Draft legislation seen by Reuters – which is set to be signed into law soon but which could still be subject to change – says larger solar power operators will have to extend the term of their subsidised tariffs from 20 to 24 years, effectively thinning them out, or accept a straight 8 percent cut.

The government says the solar industry has already profited from one of Europe’s most generous incentive schemes, paid for by consumers through their bills, and should now do its part in bringing end-user prices down.

But solar firms and investors say the move changes the rules on which they based their decisions and so could scare off long-term foreign capital and trigger costly legal action, while generating only minimal savings.

“You can’t penalize operators halfway through their investments; they won’t come back,” said Pietro Colucci, CEO of Italian-based renewable energy company Kinexia.

Renzi, nicknamed Mr Demolition Man, has committed to clean up and streamline Italy’s ways of doing business and has introduced a raft of laws to try to make the country more competitive. But critics say the government is too rushed and has not thought things through.

The new rules will apply to solar plants of over 200 kilowatts, affecting around 8,600 operators that receive about 60 percent of subsidies.

In a newspaper editorial on Friday, Michael Bonte-Friedheim, the CEO of Nextenergy Capital Group, a merchant bank to the renewable energy sector, said Renzi probably believed his proposal was easier than tackling inefficiencies in the Italian energy sector and cutting high taxes on energy users.

“Maybe he’s right, but good luck in attracting foreign investors in the future. Don’t come knocking on my door,” he said.

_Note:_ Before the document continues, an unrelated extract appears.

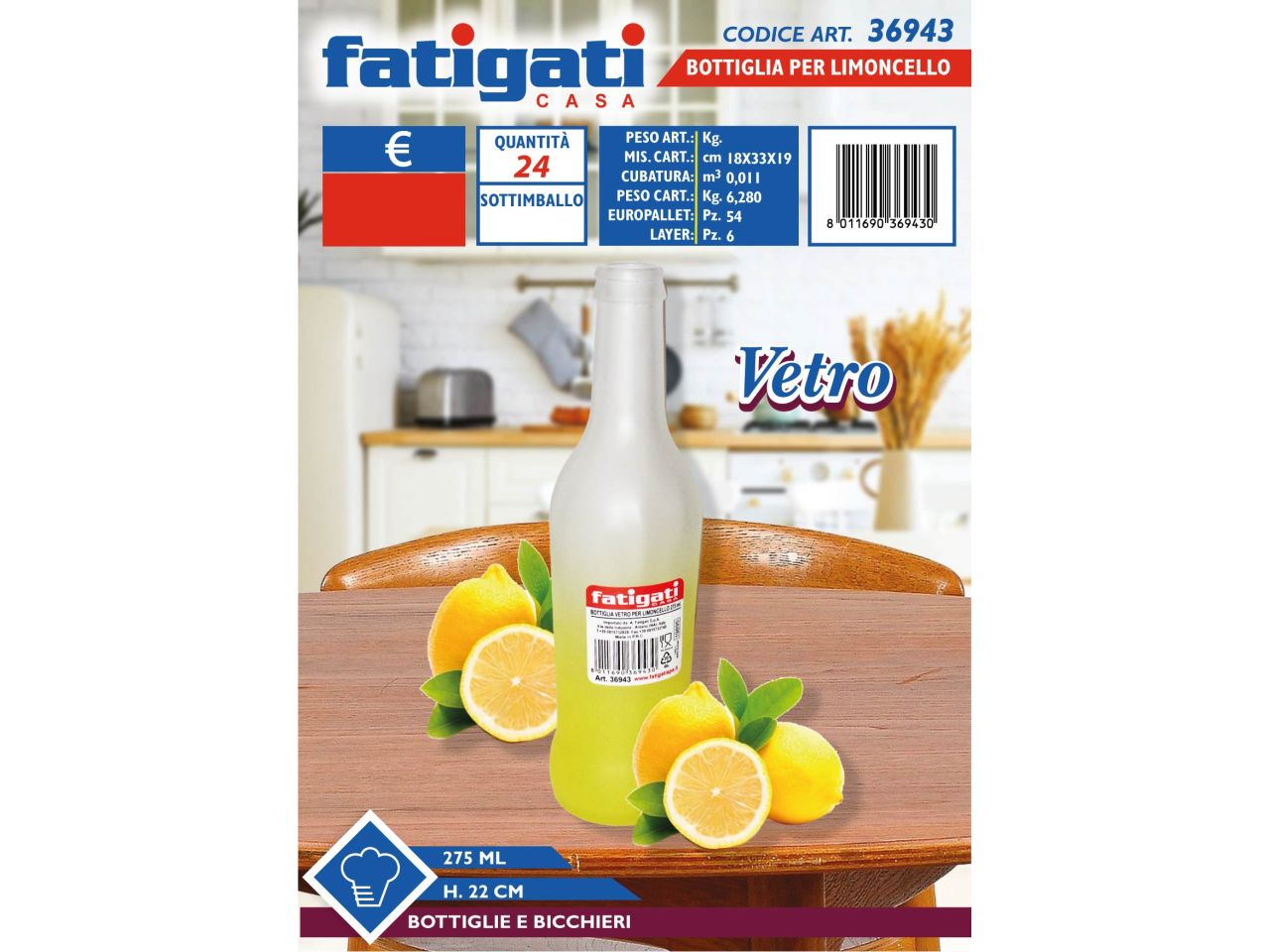 Bottiglia in vetro per limoncello 275ml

Italy’s solar power market – which has drawn private equity firms such as Terra Firma and First Reserve as well as bank-owned investment firms and pension funds – took off at the end of 2010 when new rules sent production subsidies skyrocketing: from 750 million euros in 2010 to 3.8 billion euros in 2011 and 6.7 billion euros in 2013.

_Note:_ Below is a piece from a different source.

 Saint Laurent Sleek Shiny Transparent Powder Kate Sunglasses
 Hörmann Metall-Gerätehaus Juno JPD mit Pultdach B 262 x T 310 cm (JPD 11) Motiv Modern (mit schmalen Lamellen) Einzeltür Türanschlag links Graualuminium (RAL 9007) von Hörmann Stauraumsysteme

In the last five years, investors have poured more than 50 billion euros into Italian renewable energy, building around 17 gigawatts of solar capacity.

In an attempt to curb costs and stop power bills rising, Rome capped incentives, but they will still cost Italians more than 200 billion euros over the next 20 years.

“That’s a lot of money for consumers to pay. Retroactive cuts have happened in Spain, Greece and Bulgaria. The operators can’t not have seen this coming,” said a manager at a top energy trading association.


In its present form, Renzi’s plans to extend the subsidy timeframe could force many investors to renegotiate project finance debt with banks and rental contracts with landowners.

“Renzi is destroying a whole industry and causing problems for the banks which will find themselves with more non-performing loans to write off or else take over plant,” said the Italian head of a bank-backed European infrastructure fund.

A bigger potential headache for the government is litigation. Retroactive regulatory change by Rome could contravene Italian law and the EU’s Energy Charter Treaty, some lawyers and people in the solar industry believe.

Last year, Spain attempted a similar move with renewable tariffs, triggering a wave of multi-billion euro compensation claims by investors.

“Some operators will probably sue in the courts while others could go to international arbitration courts,” said Rosella Antonucci, a partner at law firm Legance.

A source at Italy’s renewable energy association AssoRinnovabili told Reuters many foreign investors were already on a war footing and that some had even sounded out their embassies to bring pressure on Rome.

But for the government, the 350-400 million euros in savings the measure is estimated to raise are a key part of its plans.